Right-skewed (positive skew)

Mode < Median < Mean

The long right tail pulls the mean to the right. Typical examples: income distribution, house prices.

Left-skewed (negative skew)

Mean < Median < Mode

The long left tail pulls the mean to the left. Typical examples: retirement age, exam scores on a hard test.

Pearson's empirical rule

Karl Pearson proposed an approximate relationship linking all three:

Mean − Mode ≈ 3 (Mean − Median)

Equivalently: Mode ≈ 3 × Median − 2 × Mean

This is an approximation that holds for moderately skewed unimodal distributions. It may be inaccurate for heavily skewed or multimodal distributions, but it is remarkably useful as a quick estimation tool — if you know the mean and median, you can roughly estimate where the mode lies.

Frequently Asked Questions

What is the difference between "mean" and "average"?

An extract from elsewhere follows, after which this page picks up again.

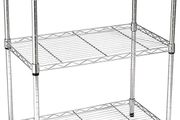 _Basics 3-Tier Storage Shelf, Up to 115 kg per Shelf, Chrome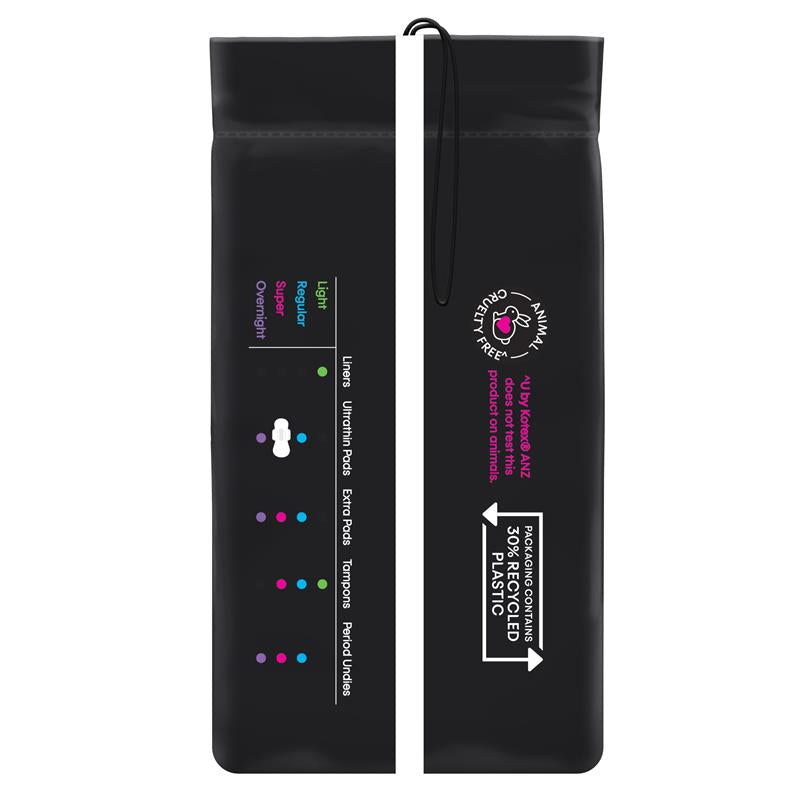 U By Kotex Ultrathins Pads Wing Super 12 Pack - GimmeNow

In everyday language, "average" and "mean" usually refer to the same thing — the arithmetic mean. However, in strict statistical terminology, "average" is a broader concept that can include the arithmetic mean, geometric mean, harmonic mean, median, or even the mode. "Mean" typically refers specifically to the arithmetic mean x̄ = ∑xi / n.

What is the mode if all values occur equally often?

If every value in the dataset occurs the same number of times (e.g., 1, 2, 3, 4, 5 each appearing once), then there is no mode (the distribution is called "amodal"). Some textbooks say "all values are modes," but this is not practically meaningful. This calculator lists all values that share the highest frequency.

When are the mean and median equal?

The mean and median are equal when the distribution is perfectly symmetric. The normal (Gaussian) distribution is the most common example. The uniform distribution also satisfies this. If you find a large gap between mean and median, it typically indicates skewness or outliers — in such cases, the median is the better choice for describing a "typical" value.

Can you use mean, median, and mode to check if data is normally distributed?

It can serve as a rough preliminary check, but not as a formal test. If mean ≈ median ≈ mode, the data may be symmetric (but not necessarily normal — a uniform distribution also satisfies this). Formal normality tests require Shapiro-Wilk, Kolmogorov-Smirnov, or Q-Q plots. The differences among the three primarily indicate the direction and degree of skewness.

How do variance and standard deviation relate to central tendency?

Measures of central tendency (mean, median, mode) describe the center of the data, while variance and standard deviation describe how spread out the data is around that center. The two are complementary: knowing only that the mean is 50 does not tell you whether the data cluster between 48 and 52 or are spread across 0 to 100. Standard deviation is the square root of variance and has the same units as the original data, making it more practical. This calculator computes both sets of measures.